■ WORK TO COMPLETE ■
Copy out the lines beginning at the one with "Alright, this is" and ending at the last line of the data, both included; pictures stay out.

■ COLLECTED DATA ■
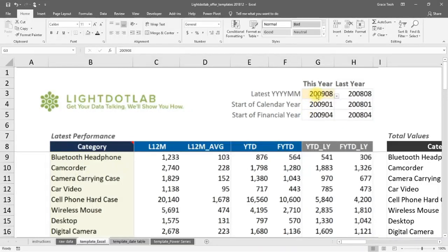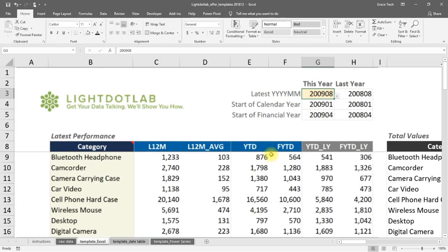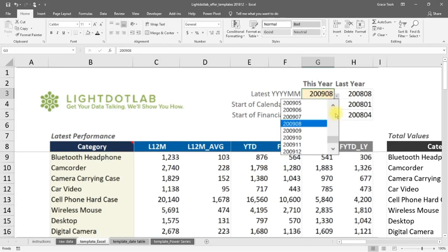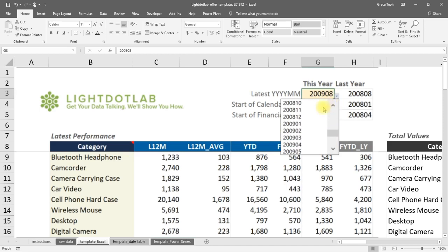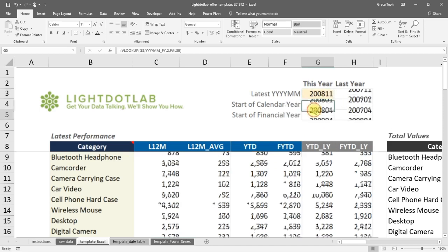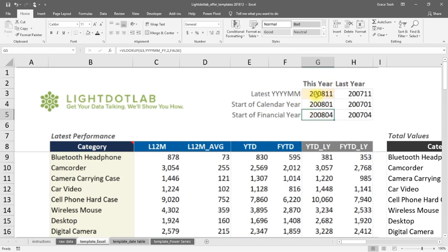For example, you could set the latest date to 2009-08 and get year-to-date figures calculated as of August 2009. In the very next instance, you could change the reference date to 2008-11 to get year-to-date figures recalculated as of November 2008.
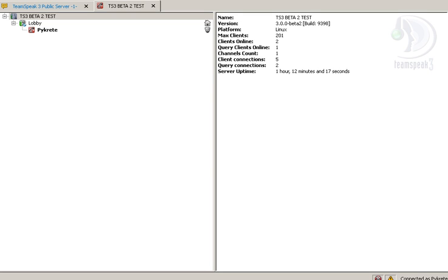Alright, this is a TeamSpeak 3 beta fix for if you've lost or cannot find your server admin password and are using MySQL for the database.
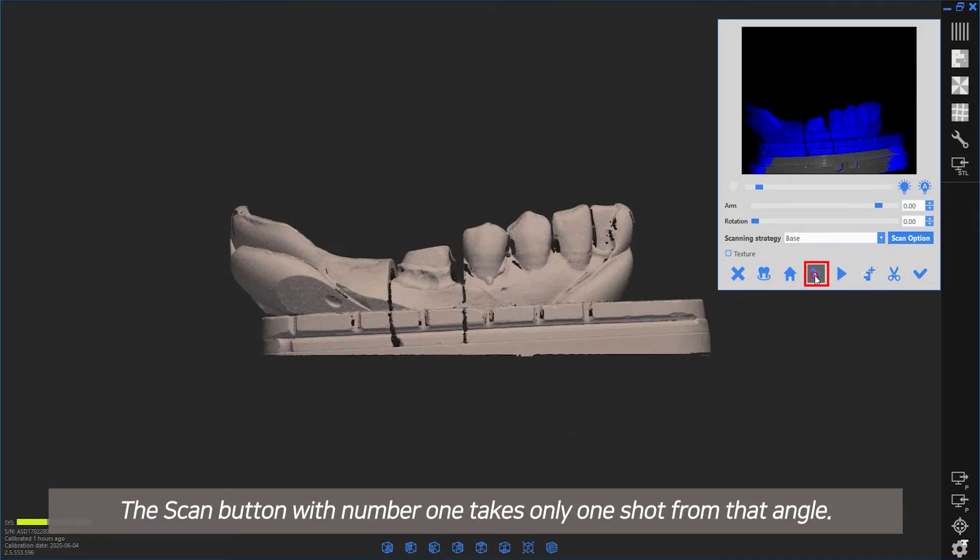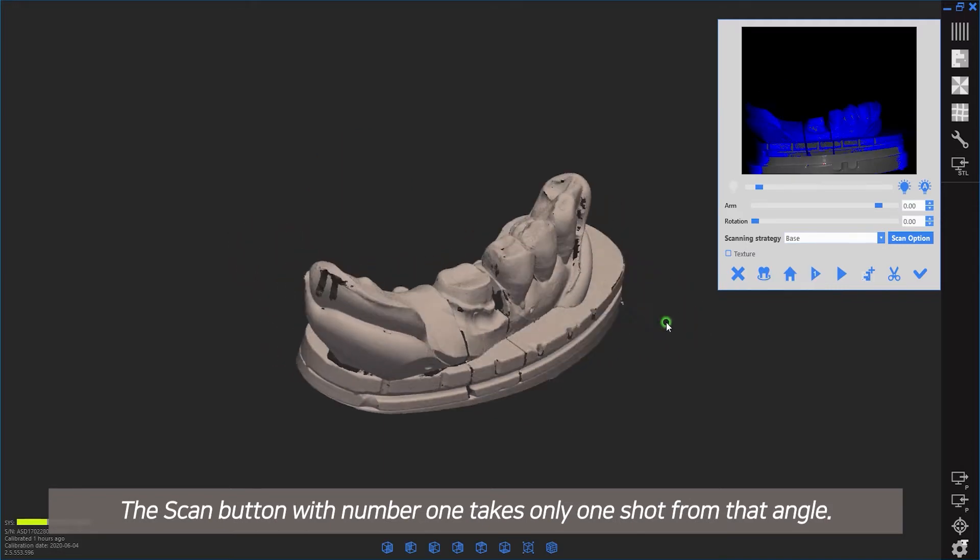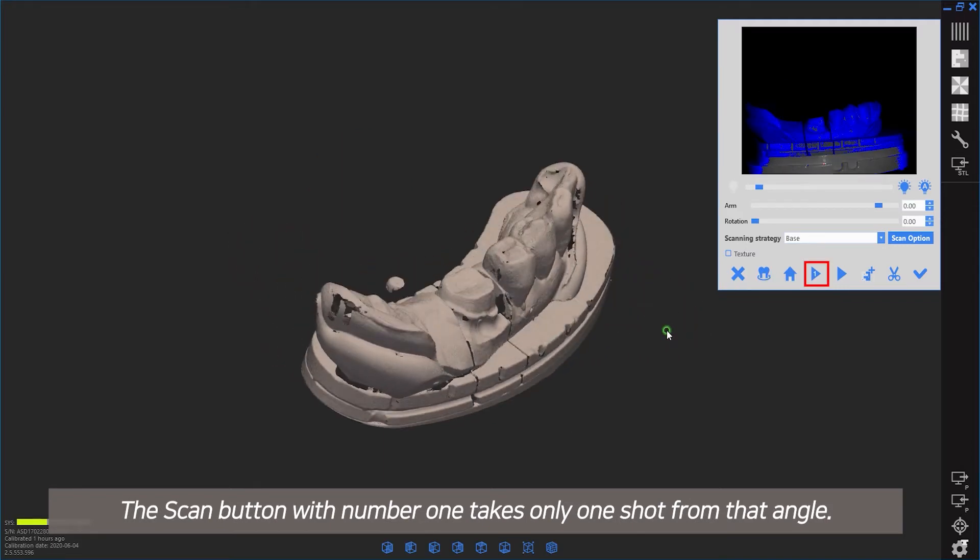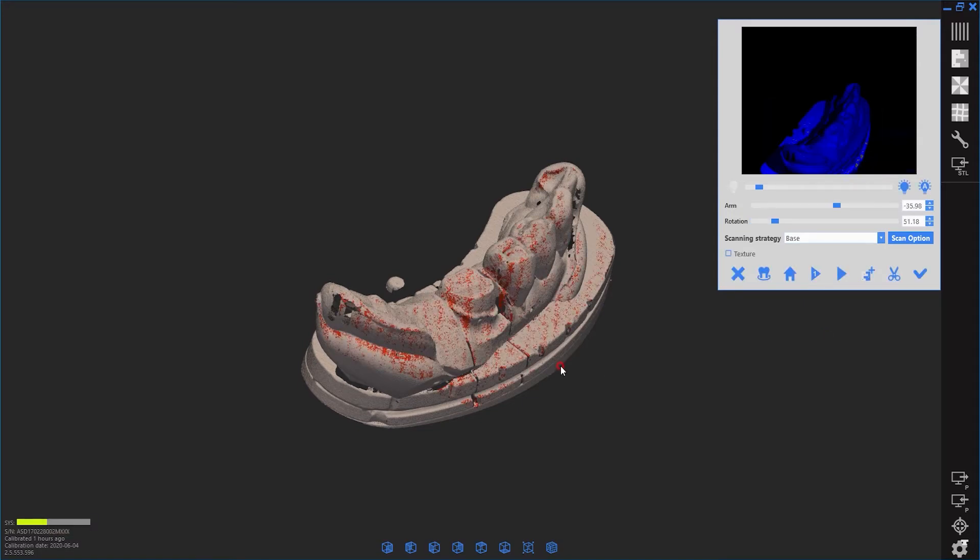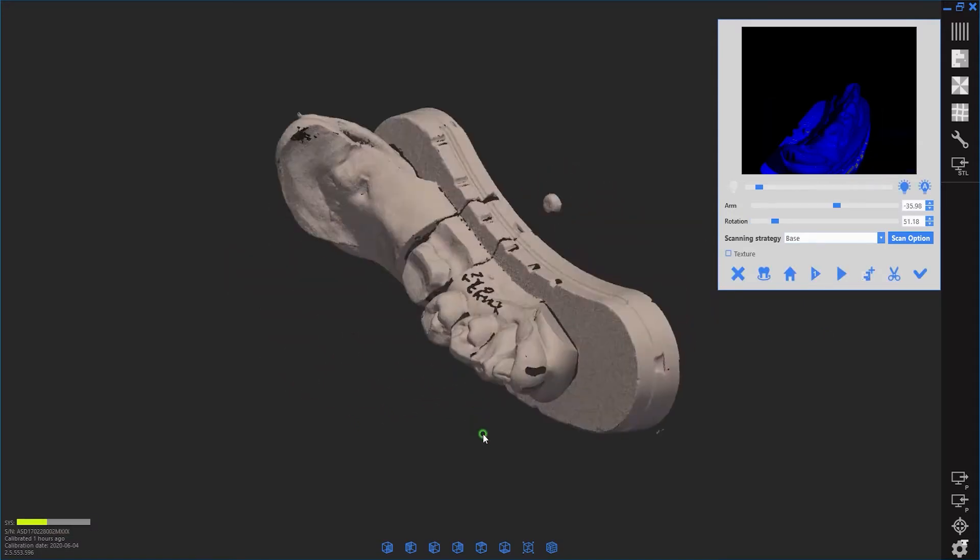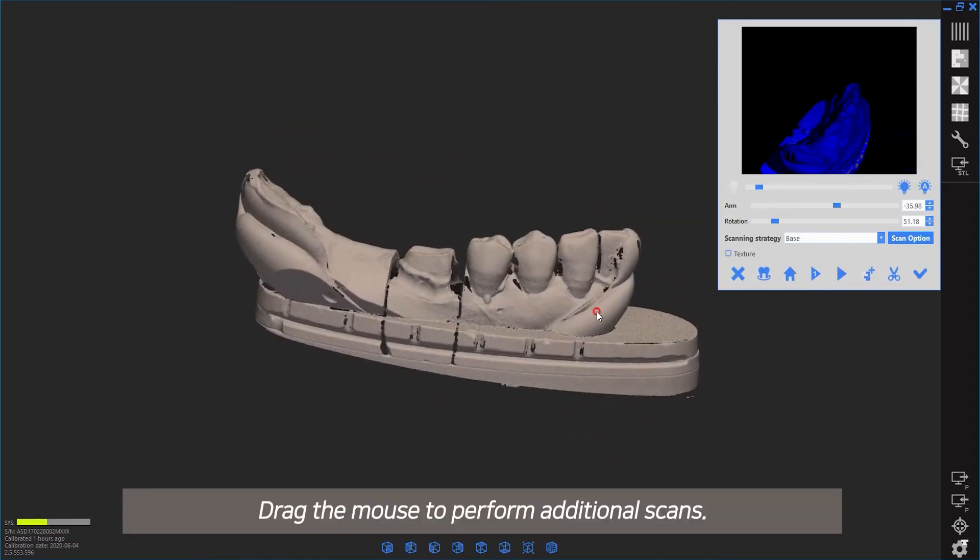The scan button with number one takes only one shot from that angle. Drag the mouse to perform additional scans.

■ TASK RESULT ■
Alright, this is a TeamSpeak 3 beta fix for if you've lost or cannot find your server admin password and are using MySQL for the database.
The scan button with number one takes only one shot from that angle. Drag the mouse to perform additional scans.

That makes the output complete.